Once shunned due to intense public scrutiny and competition from corporate buyers, private equity firms are increasingly targeting listed companies in Europe, shrugging off forecasts of a regional economic slowdown.
European buyouts have hit a 12-year record of $31.6 billion so far this year, of which almost half has been invested in listed companies, Refinitiv data shows, with industry buyers deterred by geopolitical concerns and global slowdown fears.
Although these worries have led to a 67 percent fall in European mergers and acquisitions (M&A) activity in the first quarter, buyout firms - entrusted with record amounts of cash to invest - say they cannot stay on the sidelines.
"Whether it's a good or bad time, the industry's job is to put money at work," said Warburg Pincus European head Daniel Zilberman. Warburg Pincus is leading a $3.4 billion deal to buy British satellite operator Inmarsat with Apax Partners.
So-called take-private deals, where a public company is bought and delisted, hit their highest level last year since a previous boom in 2006–2007, a report by Bain & Company showed, with 170 such deals clinched globally.
Of $227 billion of public-to-private deals last year, $71 billion were in Europe and $118 billion in North America.
This is continuing into 2019, with a consortium of Hellman & Friedman and Blackstone buying German classifieds group Scout24 in a 5.7 billion euro deal which ranks as the biggest private equity takeover of a listed company in Germany.
"Private equity funds are not scared of a downturn. They have the flexibility to underwrite any macro concern in their pricing model and holding periods. In fact, they can take a long-term approach if market conditions suddenly deteriorate," Laurent Haziza, global co-head of financial sponsors at Rothschild, said.

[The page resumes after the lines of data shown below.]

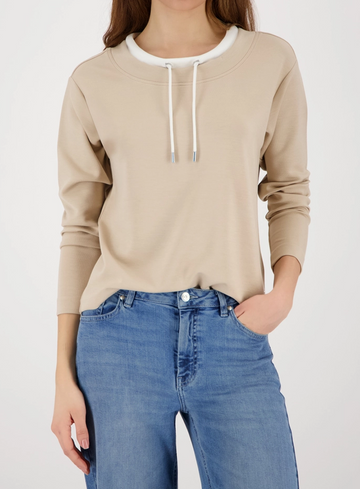 Monari Sweater 410961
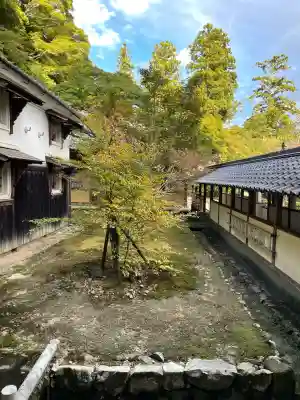 永源寺(滋賀県)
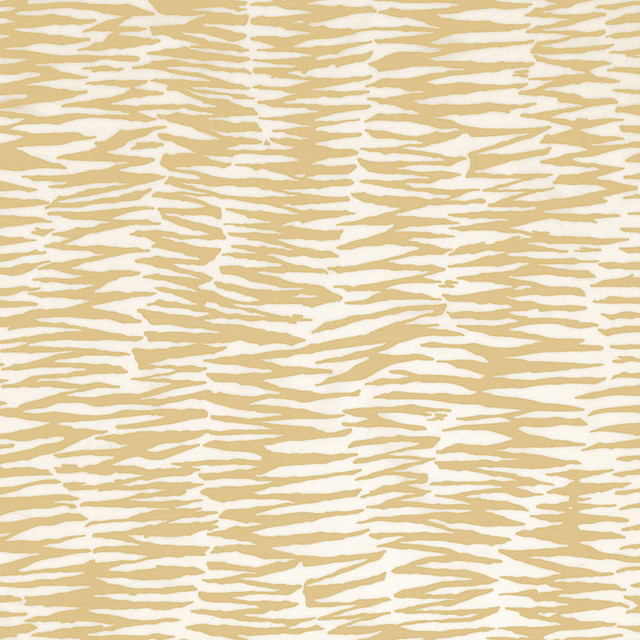 Zebra Print Dune 174262 by Schumacher Designer Fabric TRINA TURK OUTDOOR PRINTS See Sample UNITED STATES OF AMERICA MEDIUM DUTY </p><p>Repeat: Horizontal: 27" (69CM) and Vertical: 36" (91CM) 54" WIDE (137CM) - Swanky Fabrics -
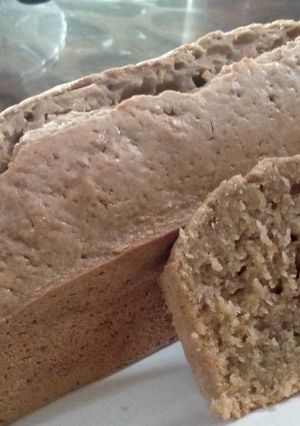 Foto resep Cake nanas
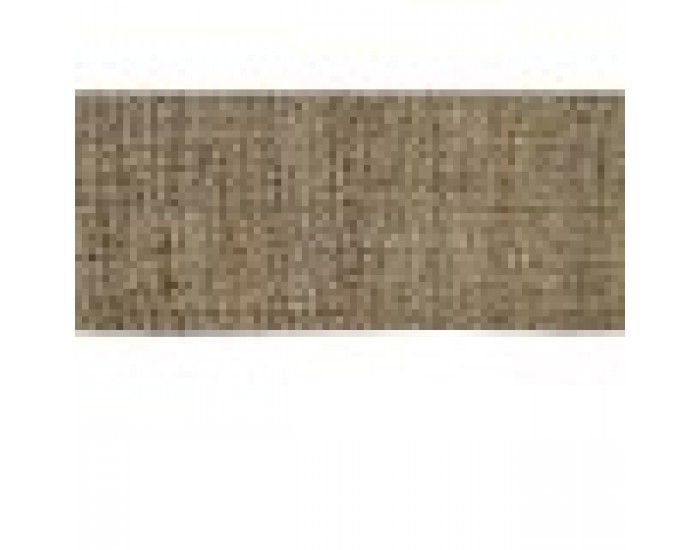 Килим Home ESPRIT Кафяв Boho 75 x 175 x 1 cm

This confidence is backed by cash swelling U.S. private equity coffers, highlighted by Blackstone's latest $22 billion buyout fund.
And European rivals are keeping up the pace as London-based Cinven looks to raise 10 billion euros for its seventh fund, sources said, well beyond an initial target of 8 billion euros, while CVC raised a record 16 billion euros in 2017.

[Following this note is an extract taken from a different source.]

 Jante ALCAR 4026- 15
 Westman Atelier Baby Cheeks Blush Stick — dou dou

Private equity investors say European mid-cap companies - especially those trading in London's FTSE 250 index which has been on a downward trajectory for the past 12 months - have become cheaper due to macro-economic jitters, with executives more receptive to their proposals as a result.

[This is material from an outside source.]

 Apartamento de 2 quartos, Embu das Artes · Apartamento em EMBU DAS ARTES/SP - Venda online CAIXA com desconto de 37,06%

"Most CEOs are under pressure as they need to prepare for a downturn and consider ways to keep funding growth. They are increasingly turning to private equity firms to discuss their options," Luca Bassi, a managing director at Bain Capital Private Equity, said.
Bassi also said the perception of private equity funds has changed due to their growing focus on piecing together global industry leaders.
"We are part of the same ecosystem," he said, pointing to Bain's expertise in digital payments. "The days of corporate raids have gone. We can help companies navigate the recession when it hits."
But bankers and analysts say some buyout funds may regret paying top dollar to buy listed companies.
"The biggest risk for private equity funds is a contraction of valuation multiples at exit," Zilberman at Warburg Pincus said. "At the moment assets are priced at very high multiples, but interest rates are rising, the cost of capital is going up and multiples will need to come down over time."
The average purchase price for leveraged buyouts in Europe has surged to nearly 11 times core earnings (EBITDA) in 2018, above levels leading up to the global financial crisis, data from LCD, part of S&P Global Market Intelligence, showed.
In the United States valuations have hovered at an all-time high of roughly 10.6 times EBITDA since 2017.
"You need to create real strategic value to justify the kind of multiples in the market and meet your return targets," said Zilberman of Warburg Pincus. "But you also need to price in a recession and prepare for the worst."
In the boom years of 2006-2007, when global private equity investments surged to roughly $650 billion, the industry relied on excessive debt to fund mega deals and then extracted returns through financial engineering, resulting in companies struggling to stay afloat and some funds going out of business.
Although similar fears have started to surface given the combination of record asset prices, abundant capital and an uncertain economic backdrop, the industry is so far unfazed.
"Higher risk is a function of higher returns. Big funds are designed to take on more risk, and often over longer time horizons," JP Morgan's co-head of EMEA M&A Dwayne Lysaght said.